Families occupying the modern houses in the villages previously scattered on the hills constituting the villages and this made it hard for government to get to them any kind of social service.

According to Enock Byabashaija, the coordinator of Nyagatovu and Kitazigurwa model villages, the villages offer a typical model for fighting poverty at the village level.

Byabashaija notes that the concept of model villages was bearing fruits across communities in the country.

Sensitisation

“This has been a centre for education for communities in Rwanda and the rest of the world...I cannot recall how many people have visited the villages. Each day is a busy one, with people coming from across the world,” he said.

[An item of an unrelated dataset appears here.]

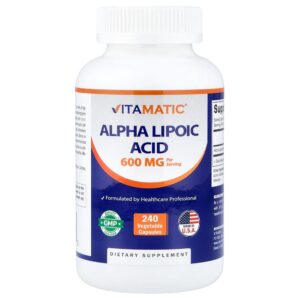 Vitamatic - Ácido Tióctico 240 Cápsulas Vegetais (300 mg por Cápsula)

Byabashaija recalls when the project began to relocate vulnerable families from sparcely populated areas in the two districts.

“The people occupying the two villages lived in a disorganised way in valleys and hills, where they never accessed basic infrastructure.

They were sensitised and brought to one village...they have virtually access to all basic needs. There is now a big difference, they moved from a state of hopelessness to meaningful living”.

The houses are well furnished with electricity; cow shed stocked with Friesian cows, clean water, and children are better fed than before.

The village development project was divided into three housing categories including low, medium and high end made up of three, four and five bed-roomed houses, respectively, based on need and financial capacity.

The size and location of the settlement was determined by village based settlement committees with minimal government guidance, especially on location criteria.

Just four years ago, Nyagatovu and Kitazugurwa were ordinary Rwandan villages where socio-economic ills were part of everyday life.

Now they are model villages. The humble community, turned to be a role model.

The villages have been case studies for a number of countries seeking to rebuild their societies to end poverty.

Role models

The success of the two villages ushered in a new era for development in the country.

These villages have been important role models and their success could be duplicated across  the world.

The success of the villages was echoed by ministers and permanent secretaries whose ministries are in charge of urbanisation and housing, while attending the 31st annual Shelter-Afrique Symposium last year.

Shelter Afrique is a Pan–African financial institution dedicated to financing housing and related infrastructure in Africa.

The Director General Shelter Afrique, Alassana Ba, said Rwanda presented an example of an African country whose leadership was steadily paving way for development.

He said Rwanda offers good lessons for Africa, adding that Shelter Afrique would help other nations emulate the same.

“The villages we visited tells the story by itself…we have experienced quality organisation second to none, in Africa. It all boils down to good leadership. We travelled with a number of ministers and officials from other countries who I am sure are watching closely,” he said.

Vestine Uwikeza, 41, is a resident of Nyagatovu model village. The single mother of three children said the village was the first to implement the ‘Bye Bye Nyakatsi’ programme.

Uwikeza has been helping others to embrace modern farming.

“I stay in a decent house after living in a grass thatched one, for many years. Though I spent  a part of my lifetime in thatched house, my children and their children will not have to undergo the same.”

“The model villages have transformed our lives in many extraordinary ways... I have a big poultry farm and three Friesian cows. Besides I have learnt how to produce biogas out of the animal waste...so, I don’t struggle anymore with expensive wood or charcoal fuel,” she noted.

Following the success of the model villages, the Government of Rwanda has started a programme to establish a model village in every district in the country.

By the year 2020, it is expected that 70 per cent of Rwandans will be residing in model -semi urban villages with the remaining 30 per cent dwelling in urban areas, according to the National Rural Settlement Taskforce under the Ministry of Local Government.

It looks Rwanda is building the bridges out of poverty through model villages.